• [Prompt] Return all the lines below exactly as written. Drop every picture.

• [Information provided]
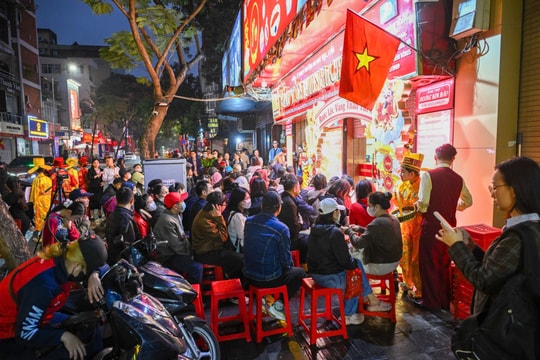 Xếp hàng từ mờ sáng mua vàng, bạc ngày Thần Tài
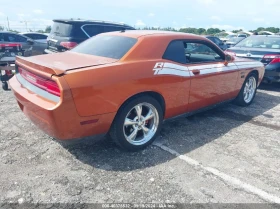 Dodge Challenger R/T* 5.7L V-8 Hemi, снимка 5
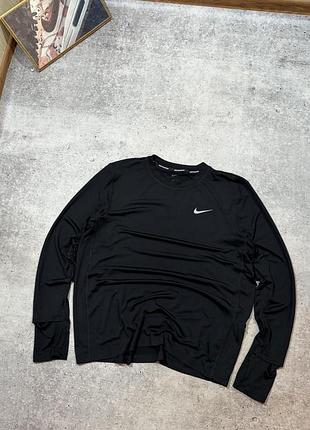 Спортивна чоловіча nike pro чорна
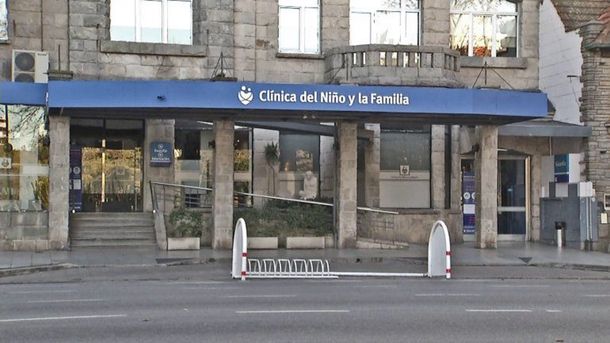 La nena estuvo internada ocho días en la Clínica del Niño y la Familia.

• [Output of the task]
 Xếp hàng từ mờ sáng mua vàng, bạc ngày Thần Tài
 Dodge Challenger R/T* 5.7L V-8 Hemi, снимка 5
 Спортивна чоловіча nike pro чорна
 La nena estuvo internada ocho días en la Clínica del Niño y la Familia.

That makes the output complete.